How to complete this task: In the data below, repeat the line containing "ZQYTGFDC Colored crayon" and every following line exactly, up to and including the last line. Exclude pictures.

Data section:
▶

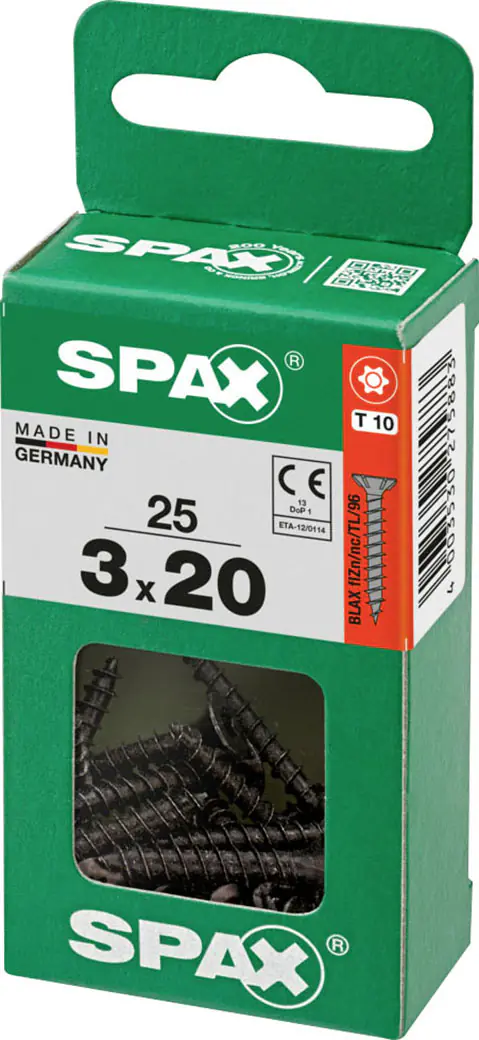 Spax Universalschrauben 3 x 20 mm T10 Vollgewinde - 25 Stk.  Spax Universalschrauben 3 x 20 mm T10 Vollgewinde - 25 Stk.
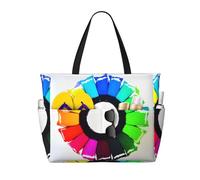 ZQYTGFDC Colored crayon circles Water-repellent honeycomb mesh travel bag, multi-pocket large capacity, practical and durable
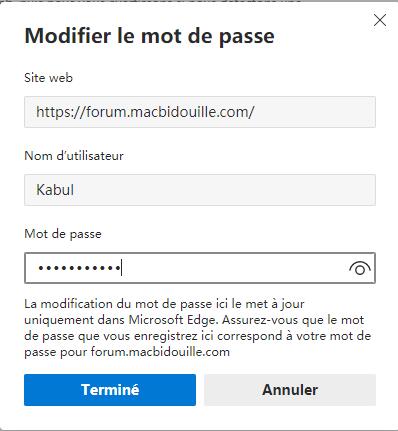 Modifier des mots de passe enregistrés sur Microsoft Edge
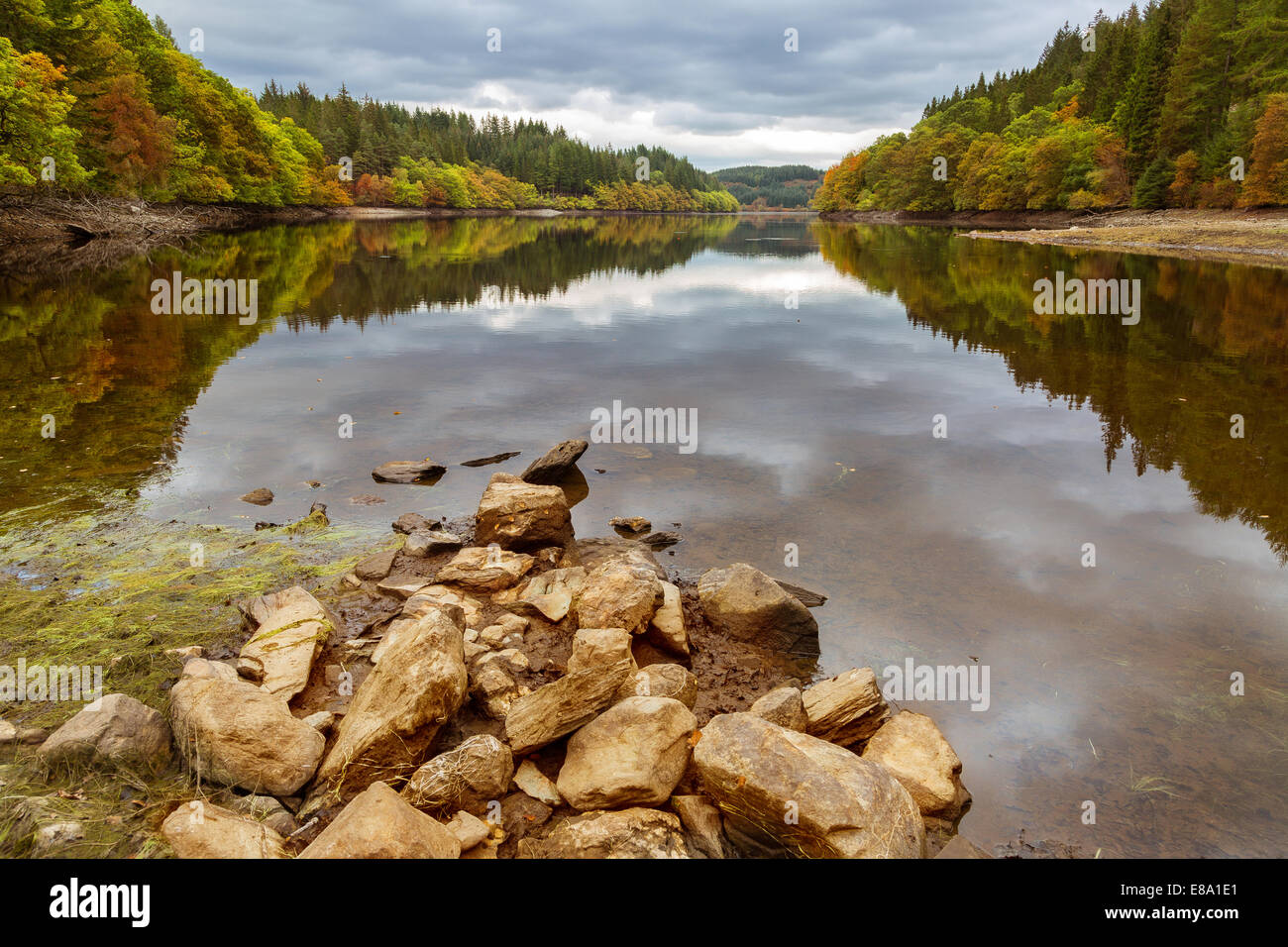 Ancora acqua calma di Loch Drunkie, tre laghi Drive, Aberfoyle, Scotland, Regno Unito Foto Stock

◀

Your response:
 ZQYTGFDC Colored crayon circles Water-repellent honeycomb mesh travel bag, multi-pocket large capacity, practical and durable
 Modifier des mots de passe enregistrés sur Microsoft Edge
 Ancora acqua calma di Loch Drunkie, tre laghi Drive, Aberfoyle, Scotland, Regno Unito Foto Stock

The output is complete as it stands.